Zamanda kayboluyordum. Bilincime hızla yerleşen anılar kime ait.?
Kendime gelip arkamı döndüğüm sırada salonda derin bir sessizlik hakimdi. İnsanlar demin anlattığım olayın derin etkisi altındaydı hala.
Profesörler yanıma yaklaşarak:
"Anlattığınız olay araştırmalarımızla örtüşüyor. Siz bütün bunları nasıl ve nereden bilebilirsiniz?
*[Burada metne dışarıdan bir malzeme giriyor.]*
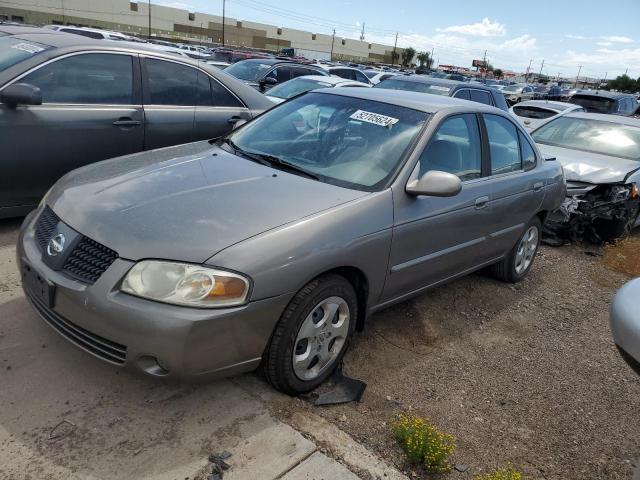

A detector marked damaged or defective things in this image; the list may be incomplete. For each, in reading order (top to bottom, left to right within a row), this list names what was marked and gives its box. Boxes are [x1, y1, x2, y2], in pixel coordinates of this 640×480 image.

damaged white car [532, 110, 640, 242]
crushed front end [544, 182, 640, 246]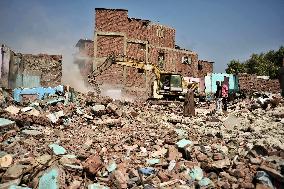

Kimsiniz siz? "Tuğrul içeri girdiğinde yanımdaki kalabalığa bakarak neler olduğunu anlamaya çalışıyordu.
Profesör Tuğrul'a:
"Hanımefendi tarihe yeni bir ışık yaktı. Genç yaşına rağmen anlattıklarıyla bizi aydınlattı." Diye hayranlığını ve şaşkınlığını ifade etti.Profesör elimi sıkarak, benimle görüşmek istediklerini konuşmamız gereken çok şey olduğunu dile getirdi.
Tuğrul anlamlı bir halde bana bakıyordu. Yüzü düşmüş, gergin hali anlaşılıyordu. Utandırmış mıydım acaba onu? Bana mı kızmıştı? O akşam sandık, müzayede deki tüm parçalardan en yüksek fiyata satıldı. Tabi anlattığım hikayenin, bu satışta büyük rolü vardı.
Şatoya geri dönmüştük. Tuğrul o akşamdan sonra bana karşı soğuk ve mesafeliydi. Üzülüyor ve nedenini bir türlü çözemiyordum. Onu artık çok nadir görüyordum. Genelde erkenden çıkar, geldiğini bile bilmezdim. Kimse bana bir şey söylemezdi.
Tüm gün odamda oturur onun gelişini beklerdim. Bol bol Pervin ve de annemle konuşur her detayı tek tek anlatırdım onlara. Arada da şatoyu gezinirdim.
Her taraf yemyeşil, sessiz, huzur doluydu. Gün boyu kuşların cıvıltılı şarkılarını dinlerdim.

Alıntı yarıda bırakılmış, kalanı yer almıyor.